There is no substitute for years in the cockpit and hours in make and model to ensure safety. A pilot can’t be worried that he doesn’t make enough to eat, put gas in his car, get his uniform cleaned or pay the rent if you want him to be clear headed enough to perform optimally. The salaries are too low, the benefits non-existent, the airplanes less than fully capable for the mission and still these kids do a great job. They make more takeoffs and landings in the worst weather and work the worst hours for the worst pay. They are motivated, enthusiastic and do their best to be safe. They are however for the most part youngsters and far less experienced than their big airline brothers.

Their airplanes still have outdated deicing systems but they are expected to fly in the worst icing. They commute to work because they can’t afford to live near their base and they are expected to perform at their highest level. Their dispatch is not to big airline standards and they are expected to deliver their passengers safely no matter what the delays, no matter what the weather and no matter how many legs they have flown in the soup.
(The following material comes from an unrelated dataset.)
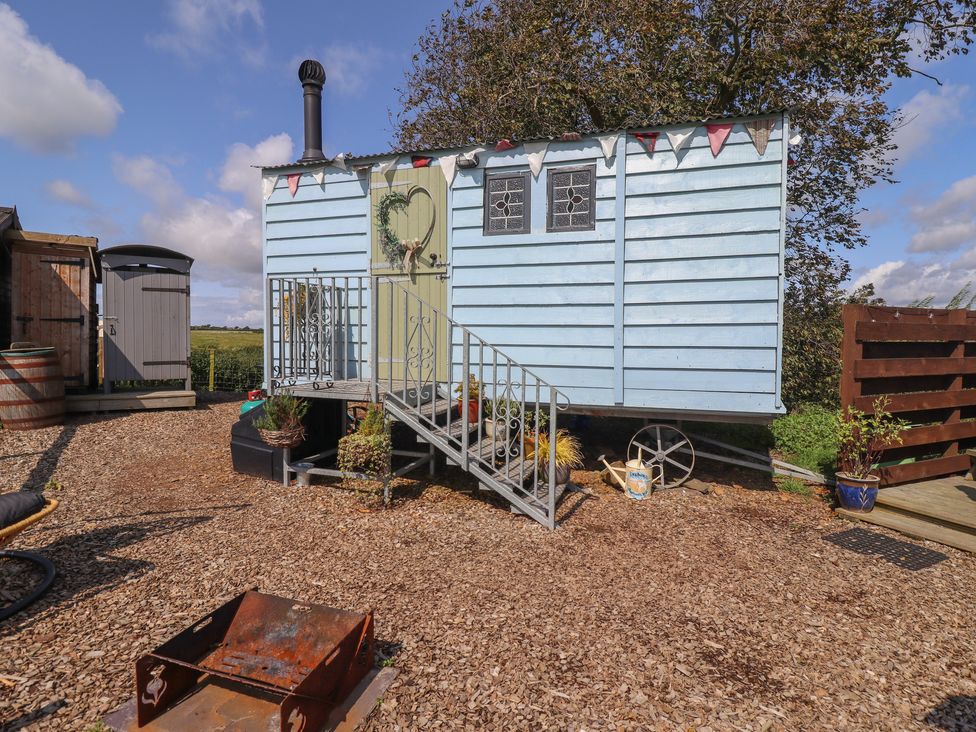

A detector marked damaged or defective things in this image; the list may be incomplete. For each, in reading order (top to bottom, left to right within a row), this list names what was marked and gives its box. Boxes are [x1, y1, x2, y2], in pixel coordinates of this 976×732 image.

Why is there surprise when one of them crashes?

What needs to happen is closer FAA oversight…heard that one before. They need a living wage and benefits. They need airplanes that are modern and safe in every respect i.e. no turboprops. They need the authority to cancel a flight without fear of retribution, read that getting fired, for doing so.

Continental Flight 3407 is an example of what’s wrong not with just commuters but with commercial aviation. They flew an airplane with boots that everyone knows do not work safely in many icing conditions and certainly those in existence that night. They were tired. They were not fully trained to understand the limitations of their aircraft, the limitations of its certification to fly in ice and what cues they would receive that the airplane was failing them and what to do about it. Maybe they should also have been told that if anything happens their company, the manufacturer, other pilots and the Government will turn on them and blame them for something for which they were blameless.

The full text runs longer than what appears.